(Items from a dataset)
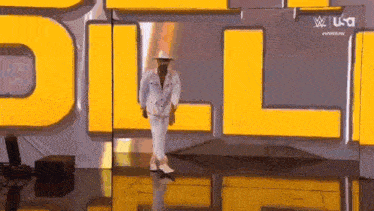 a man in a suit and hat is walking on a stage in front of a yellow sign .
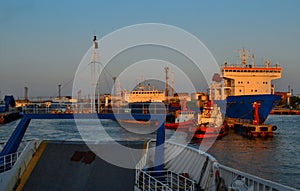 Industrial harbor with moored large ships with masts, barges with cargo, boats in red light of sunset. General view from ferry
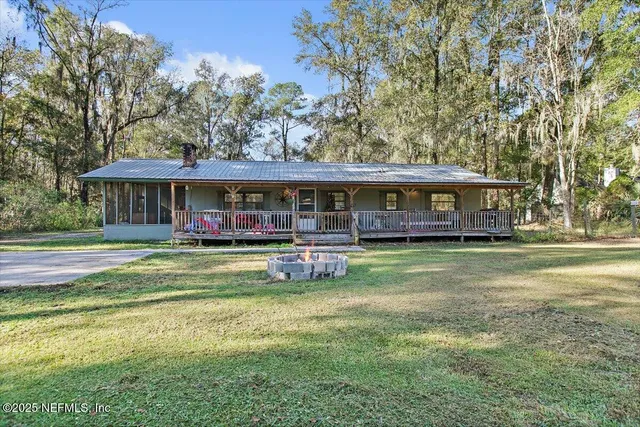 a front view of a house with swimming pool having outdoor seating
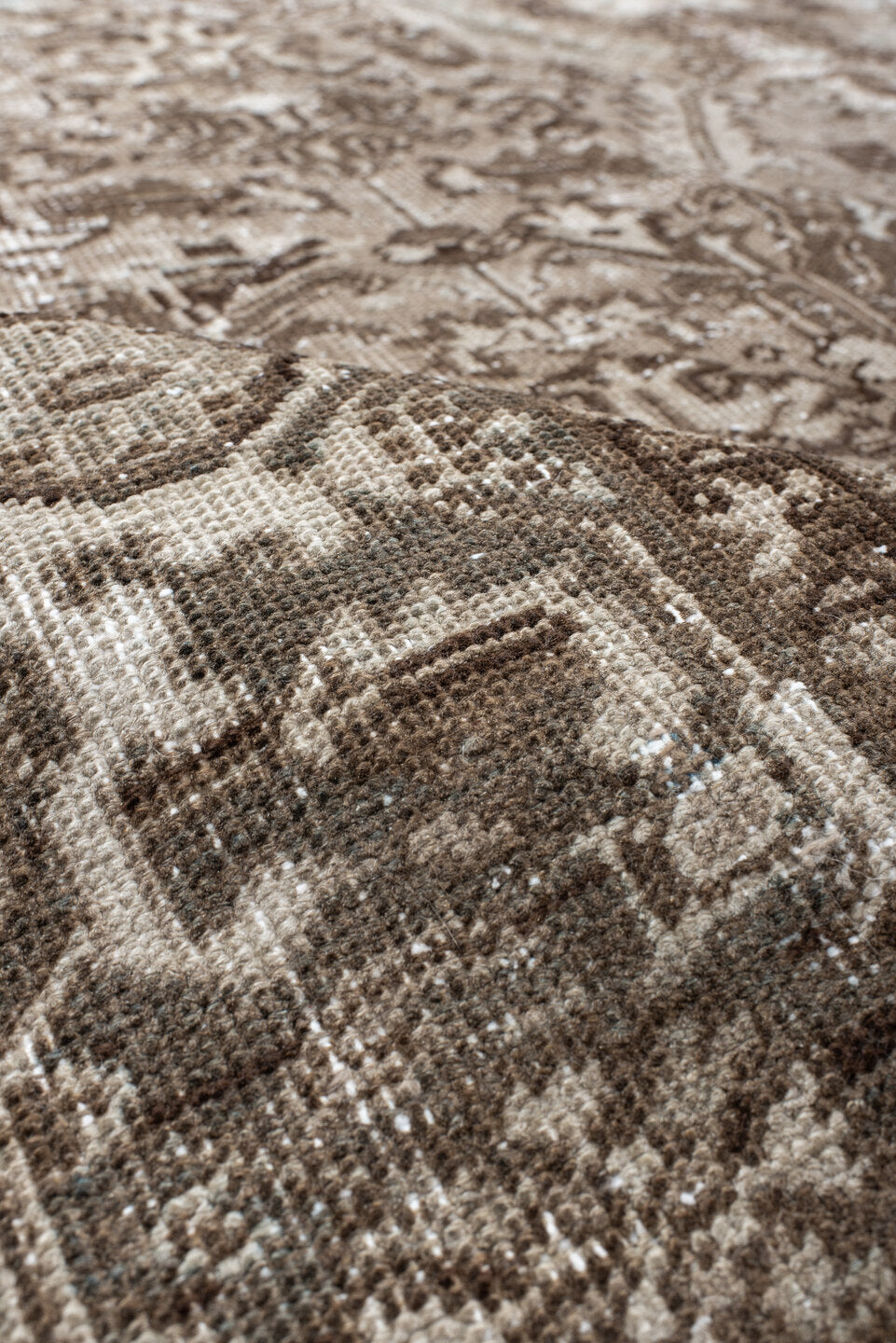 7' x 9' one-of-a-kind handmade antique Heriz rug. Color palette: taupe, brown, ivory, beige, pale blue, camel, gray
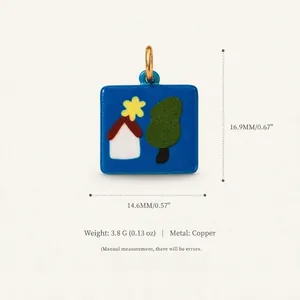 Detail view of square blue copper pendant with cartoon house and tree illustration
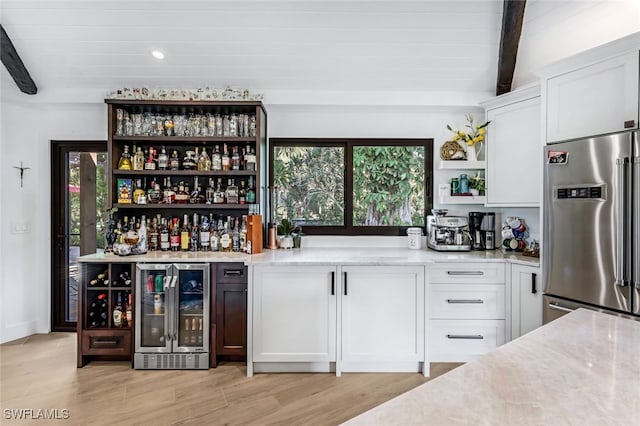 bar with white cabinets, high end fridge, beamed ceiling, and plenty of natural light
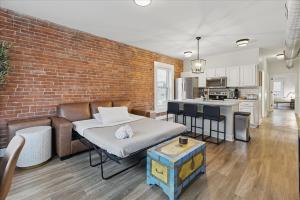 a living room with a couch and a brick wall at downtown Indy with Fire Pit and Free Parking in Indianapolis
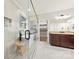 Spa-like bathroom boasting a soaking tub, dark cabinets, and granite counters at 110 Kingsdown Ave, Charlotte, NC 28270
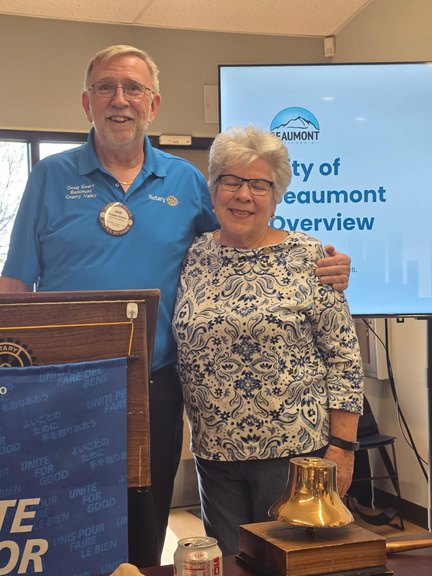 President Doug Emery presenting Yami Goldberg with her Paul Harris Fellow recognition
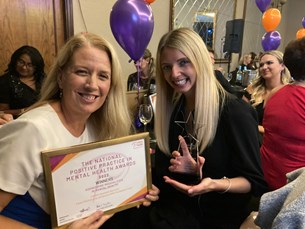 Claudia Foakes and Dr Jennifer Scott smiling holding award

Task statement —
Pictures stay out. Transcribe the lines from the start of the entries above through the line with "a front view", exactly.

Answer —
 a man in a suit and hat is walking on a stage in front of a yellow sign .
 Industrial harbor with moored large ships with masts, barges with cargo, boats in red light of sunset. General view from ferry
 a front view of a house with swimming pool having outdoor seating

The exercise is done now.